Yet, the discussions on the nitty-gritty of Islamic jurisprudence did serve a valuable purpose, given that the marginalisation of Muslim women does, in part, owe to patriarchal interpretations of family law. Several participants were critical of the Muslim Personal Law Board for dragging its feet on even so simple a matter as drafting a model nikah namah or written marriage contract which would clearly specify the rights of both spouses. 'For years they have been talking about it, but they've done next to nothing', quipped an irate woman. A member of the Board hurriedly defended his organisation by claiming that the problem owed, in part, to the fact that the Board consisted of representatives of several different schools of Islamic thought and hence it was difficult to reach a consensus on crucial and contentious issues on which there was no unanimity among the different schools themselves.

The matter of triple talaq in one sitting, expectedly, was the subject of intense discussion. Many of the participants denounced the practice as obnoxious and demanded an immediate end to it. Sheriffa, woman from Tamil Nadu, who has earned the wrath of the conservative 'ulama by setting up a women's mosque, related one instance after another of Muslim women being arbitrarily divorced by their husbands, including through email and over the telephone, and being left to fend for themselves. The amount of mehr agreed to at the time of marriage, she said, is generally a mere pittance, and not even enough to enable a divorced woman to survive for more than a month or two. She related how, like their Hindu sisters, Muslim women are routinely harassed for dowry. Although dowry is 'un-Islamic', it is a widespread practice among Muslims as well. 'Why is it that the 'ulama and our male leaders conveniently overlook this practice, while doing next to nothing for the plight of divorced women?', she demanded to know.

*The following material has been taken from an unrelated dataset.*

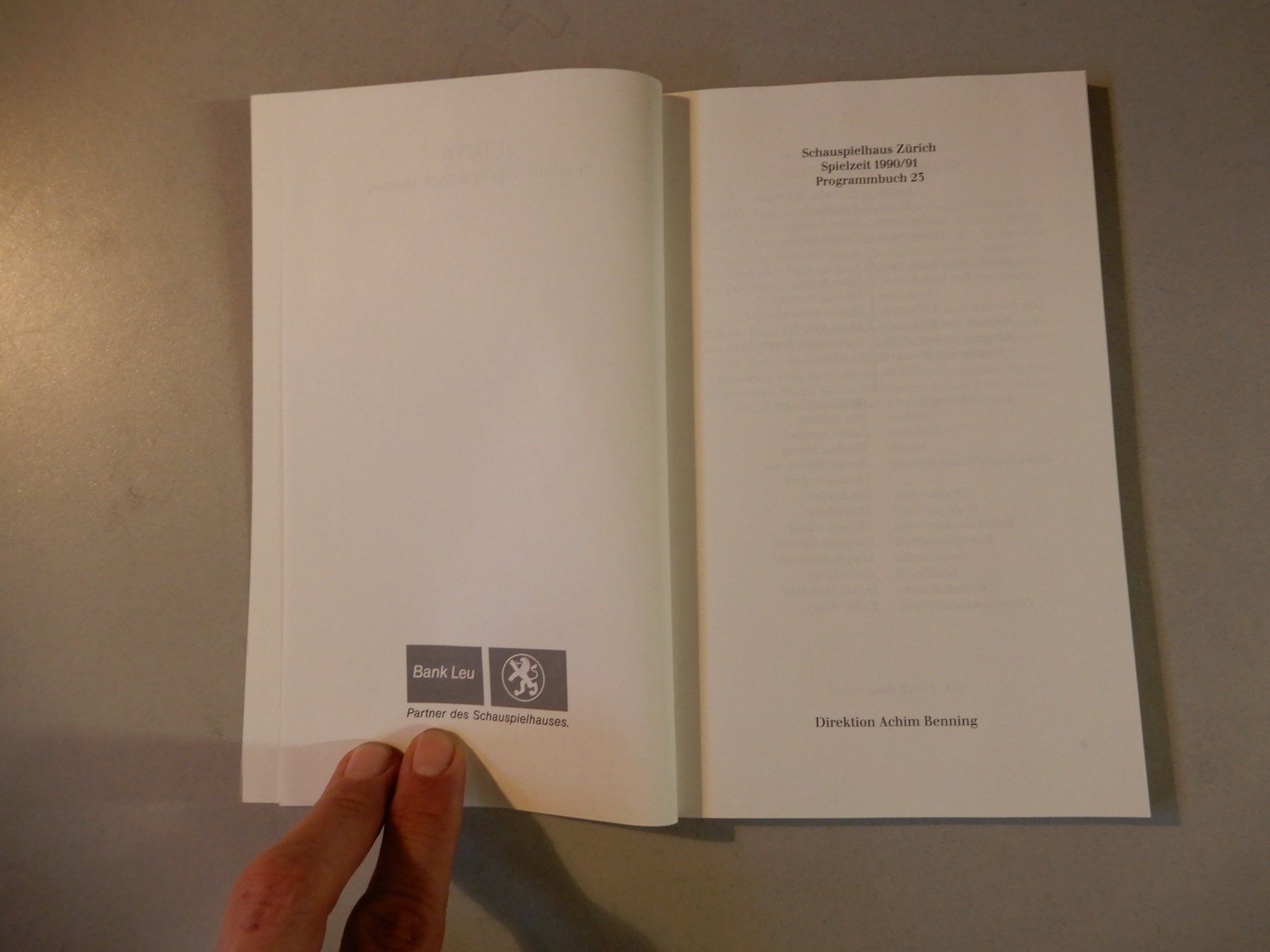 Libri: Schauspielhaus Zürich Programmheft Friedrich Hebbel- Judith – Usato da Erstfeld venduto da Mario_boe0 2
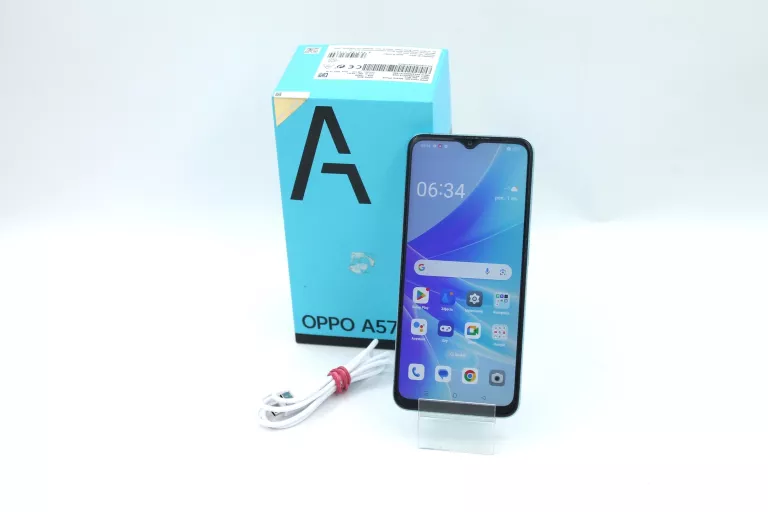 TELEFON OPPO A57S 4/128GB NIEBIESKI KOMPLET GW.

Several other Muslim women echoed Sheriffa's demand for an end to the practice of triple talaq in one sitting. They pointed out that this practice was frowned upon by the Prophet Muhammad himself, and that the 'ulama have all along recognised it as a condemnable 'innovation'. They argued that several Muslim countries had done away with the practice, and so there was no need for it to remain in force in India. Islam was a religion of justice, they stressed, and, hence, such a patent injustice as this was clearly contradictory to Islamic teachings. Provoked by the debate on the question, a senior member of the Board recognised the fact that this legal provision was being misused, and announced that the Board had decided to launch a nation-wide programme to create awareness among the Muslims about the 'correct' method of divorce. Yet, he also added, since the Imams of the four generally accepted schools of Sunni jurisprudence had allowed for the practice of three talaqs in one sitting, the Board had no authority to ban it outright.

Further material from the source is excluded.